09 Jun 2009

# IBM Puzzle [January 09] - Ponder This! (Very Tough)

Source: IBM Research | Ponder This | January 2009 challenges

Consider the following game. You have an opportunity to buy lottery tickets. Each ticket has a value t randomly and independently picked from the continuous and uniform distribution on the interval(0,1). Each ticket costs c (0<c<1). If you don't like the ticket you get you can throw it away and buy another one (at a cost of c). You can do this as often as you want. You can stop at any time and cash in the current ticket at which point the game ends. Your winnings are the value of the ticket you cashed less the cost of all the tickets you bought. You don't have to buy any tickets in which case your winnings are 0. If you adopt the best strategy what are your expected winnings as a function of c?

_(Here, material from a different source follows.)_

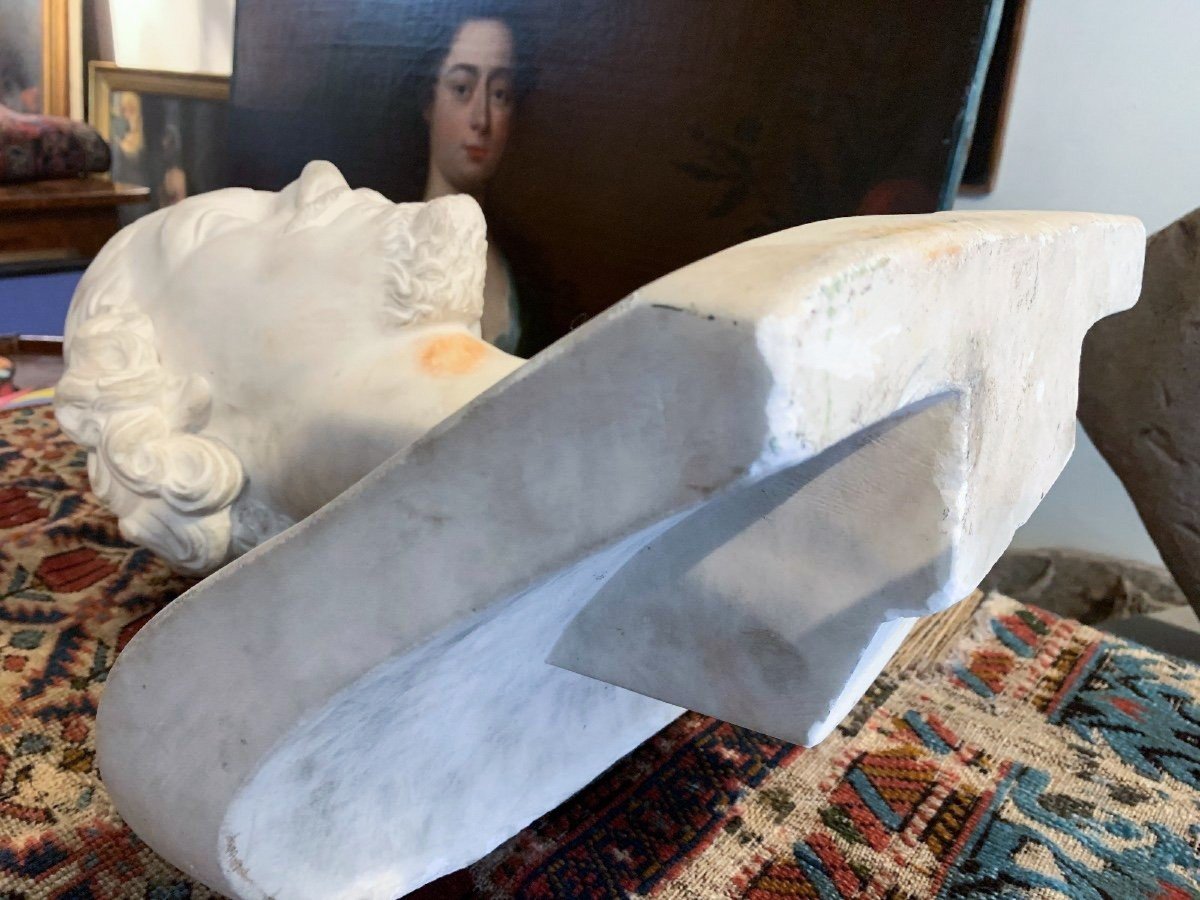 An Italian Carved White Marble Male Bust, 19th Century-photo-4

Suppose we modify the game so that you don't have to throw away any tickets. When you decide to stop buying tickets you can cash in any (but only one) of the tickets you have purchased and the game ends. Now what are your expected winnings (using the best strategy) as a function of c?

Note:
Some of the solvers are overlooking a minor point. For credit please ensure your answer is correct for the entire range of c.
10 years ago
Hmm. No one wants to try the tough problem? Come on folks!

indukuri

Branch Unspecified
9 years ago
answer is - expected value is 1-sqrt(2*c) for all c <0.5

if c >0.5 then the strategy is not to toss,,hence expected value 0.